/activerecord-collections

Create collections of records, represented by ActiveRecord::Relation query criteria

Primary LanguageRuby

ActiveRecord::Collections

An ActiveRecord::Collection can best be described as being somewhere between a model (extended from ActiveRecord::Base), it's ActiveRecord::Relation and an enumerable set of records. A collection wraps and delegates to the aforementioned objects, being smart about where to send method calls and executing minimal queries only when needed (and as infrequently as possible). The latter allows for some interesting features, like the ability to build a query using all your standard scopes and the model's relation object without executing it, and serializing the query criteria to be used in a background job (instead of plucking and passing record IDs, for example). Or being able to break a collection that contains many records into smaller batches (using limited/offset collections) and traverse through them without needing to query each batch until you want to work with it.

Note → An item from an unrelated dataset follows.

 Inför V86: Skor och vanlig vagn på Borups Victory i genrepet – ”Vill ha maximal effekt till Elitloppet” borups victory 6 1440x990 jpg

The implementation is nothing fancy or crazy, there is some heavy usage of delegation but not much beyond that, however I believe the concept here is very powerful. Aside from some of the benefits gained from batching, serialization and some of the other features, collections allow you to use a single object and interface to represent a set of records and use that object both to query and operate on those records.

Highlights

  • Makes life easier by eliminating common boilerplate code when querying and working with collections of records.
  • Smart about delegating methods to your model's relation object or a collection of records, with the ability to force delegation to one or the other inline.
  • Executes the fewest queries possible as late as possible so nothing is queried from your database until you're ready to work with the records (or can always load them).
  • Built-in batching and pagination makes it easy to break large result sets into smaller batches for faster querying, and makes processing batches concurrently in background jobs easy.
  • Ability to serialize query criteria and re-build a collection from serialized JSON. This allows you to build your query for records as a collection and pass it to a background job without having to query for object IDs inline in an HTTP request and pass those as job arguments, for example, or to store a dynamically built query for repeat/later use.

Lowlights

  • Be careful with method overlap and delegation! The collection prefers the ActiveRecord::Relation when delegating method calls, so if you have a method (maybe a scope) on your relation with the same name as a method (maybe an attribute) on your model, you'll want to make sure you use #on_records or #on_relation accordingly.
  • Because of the way the ActiveRecord::Collection behaves, it does not include the Enumerable module directly, and many common enumerable methods have not yet been implemented (like select, reject, etc.). If you need to use one of these methods you should call them on your collection of records directly, by grabbing an array of records with #to_a, or you can use #each or #map depending on your needs.
  • This was prototyped in and abstracted from the Instacart rails application, and specs have not yet been ported and filled out.

Basic Usage

Define a Collection

To define a collection, simply extend ActiveRecord::Collection. If your collection class name is the pluralized version of your model name, no additional configuration is necessary.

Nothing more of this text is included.